Why Pete Brown and Charlie Sifford are essential to the story of American golf
Ed note: On Thursday and Friday, and again today and tomorrow, Bamberger Briefly appears in memory of, and in tribute to, Charlie Sifford, often described as golf’s Jackie Robinson and a former winner of the Travelers Championship, nee the Greater Hartford Open. Thursday’s subject was Jim Thorpe. Friday’s was black touring caddies.
In 1964, Pete Brown became the first African-American winner of a PGA Tour event, to use two phrases that didn’t exist then. Brown’s win at the Waco Turner Open (named for an Oklahoma oilman) got Brown in the following stop, the Colonial National Invitation. Various newspaper stories noted that Brown would be the first black player to play in the Colonial and one wire story described him as a “29-year-old Mississippi-born Negro.” (Language changes as we do.) One newspaper story noted that Brown traveled the circuit with another black golfer, Charlie Sifford.
Three years later, Sifford, at age 45, won a much bigger event, the 1967 Greater Hartford Open. That win didn’t get him an invitation to the Masters. Neither did his win in the 1969 L.A. Open. Brown’s win in the 1970 San Diego Open didn’t get him an invitation, either.
You can imagine Pete and Charlie on the road together. It was surely work, just finding motels and restaurants and service stations that would welcome them. Sifford was 13 years older than Brown, and was as gruff as Brown was gentle. They traveled together to save money — and because there was safety in numbers.

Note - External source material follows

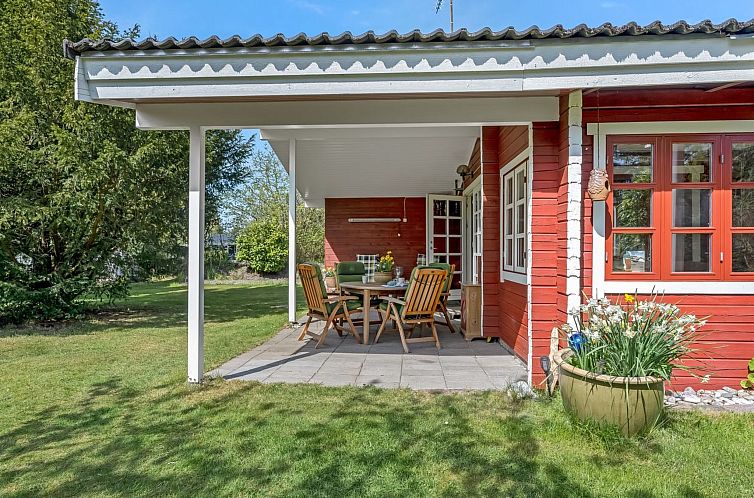 Vakantiehuis "Berit" - 700m from the sea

I never met Charlie Sifford but I did spend part of one memorable day with Pete Brown and his wife, Margaret, in their home on the outskirts of Augusta. This was in 2014. Mr. Brown was confined to a bed but able to talk, haltingly, despite his many strokes. Mrs. Brown was vibrant, spectacularly so. In the photos from Pete’s win in ’71 she looks like a movie star, as the singer Andy Williams, the tournament host, hovers nearby.
Mrs. Brown showed me scrapbooks and in them was a letter from Tiger Woods, noting a contribution to help with Pete’s medical expenses. The sum was modest but her appreciation was immeasurable. The house itself was modest but the story behind it was also extraordinary. It was owned by Jim Dent, the successful touring pro from Augusta, who caddied at Augusta National as a kid when it had an all-black caddie yard. He invited the Browns to live in it.
It goes without saying he collected no rent. When Dent got on Tour in the 1970s, Pete Brown took him under his wing just as Sifford once showed Brown how to get around. Paying it forward would be a trite way to describe these relationships. They were looking out for each other. When Pete Brown died, two weeks after the 2015 Masters, there weren’t many write-ups.
Scott Michaux in The Augusta Chronicle was one notable exception. He had interviewed Pete Brown a number of times. “Charlie had a rough time,” Brown once told Michaux. “They harassed him a lot. I got about half of it because I came along right after him. So we were together most of the time. So whatever he got, I got, but it got better later. When he was alone by himself, I don’t know how he made it through that.”
“Pete was a helluva guy,” Dent told Michaux. “If he had 20 cents, he’d give you 15 cents and keep five cents he needed. So you can’t do nothing but love a guy like that like a brother.”
Charlie Woods, Tiger’s son, is named for Charlie Sifford. In between Charlie Sifford and Tiger Woods there was Pete Brown and Jim Thorpe and Calvin Peete and Lee Elder, among other pathfinders. Next week, the Tour goes to Detroit. Joe Louis, the iconic heavyweight boxer, was a god in the black golf community in Detroit. A god at Rackham Golf Course, a muni there. You can’t tell the story of American golf without these men.